Griffith's biography of Elizabeth Cady Stanton, In Her Own Right (1984), was named “one of the 15 best books of 1984” and “one of the best books of the century” by the editors of The New York Times Book Review and “one of the five best books on women’s history” by the Wall Street Journal in 2009. In March 2020, Oprah magazine recommended it for women’s history month reading. It inspired Ken Burns’ PBS documentary, Not for Ourselves Alone, on which she served as a consultant.
Griffith applied the "Page 99 Test" to her new book, Formidable: American Women and the Fight for Equality: 1920-2020, and reported the following:
Page 99 of Formidable appears four pages into chapter four, “From Rosie to Rosa Parks, 1945-1959,” which covers the forced retirement of women working in war industries to make room for returning veterans, who were eager to start families. It introduces the baby boom and the voluntary isolation of white women into segregated suburbs, while Black women continued to fight racial discrimination in education, housing, jobs, and juries. While page 99 mentions Christian Dior’s “New Look,” crinolines, long-line bras, cinched waists, charm bracelets, and French bikinis (named for a Pacific atoll which was an atomic bomb test site; women brave enough to wear them were called “bombshells”), its theme is not fashion. It’s about the physical and psychological containment of women. The first line on page 99 recalls Wonder Woman having a nightmare, dreaming of becoming Steve Trevor’s “docile little wife.” The pressure on white women to conform to a new cult of domesticity wa part of the country’s effort to contain communism, curb racial conflict, condemn homosexuality, and defend the “American way of life.”Visit Elisabeth Griffith's website.
While page 99 is not the ideal introduction to the subject of my book, the century-long fight for equal and civil rights, by a diverse cast of female change agents following passage of the Nineteenth Amendment in 1920, it illustrates the variety of elements that contributed to that struggle, including comic book heroines and girdles. Women were historically confined to a female sphere of activity and criticized whenever they moved beyond their traditional maternal and domestic roles. To win the vote, even single suffragists relied on the moral authority of motherhood to make the case that the country needed good housekeepers. In the 1920s, many states had laws barring married women from working without their husband’s permission. In the 1930s, the federal government forbade the employment of the wives (but not the children) of its male employees. Those restrictions were removed when World War II required more factory workers, pilots and code breakers, but they returned in peacetime. In contrast, while Black women confronted racial violence and daily discrimination, the men in their communities respected and encouraged their political engagement. As teachers, housekeepers, public health nurses, agricultural agents, and church deacons, they kept working, quietly, in church basements and behind the scenes, to advance civil rights and end segregation. By the end of the 1950s, the work of Constance Baker Motley, Rosa Parks, Ella Baker, and Daisy Bates would inspire many white women to reignite their struggle for equal rights, as Black and white abolitionists had spurred the suffrage movement.

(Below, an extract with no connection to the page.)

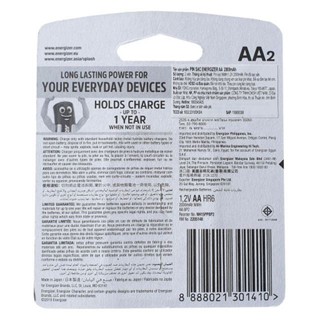 PIN SẠC AA ENERGIZER POWER PLUS ( VỈ 2 VIÊN) DKSH 2000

Patriarchy, the root of sexism and racism, remains powerful. No matter how far all American women have advanced in the past century, they remain victims of rape and violence, at risk of maternal death, underpaid in the workforce, undervalued in their caregiving roles, under represented politically, and without reproductive rights and agency. Formidable describes the strides women have made, the tensions and issues that have divided them, and the challenges and opposition that remain. It also offers models of courage and resilience, to inspire readers to keep up the fight.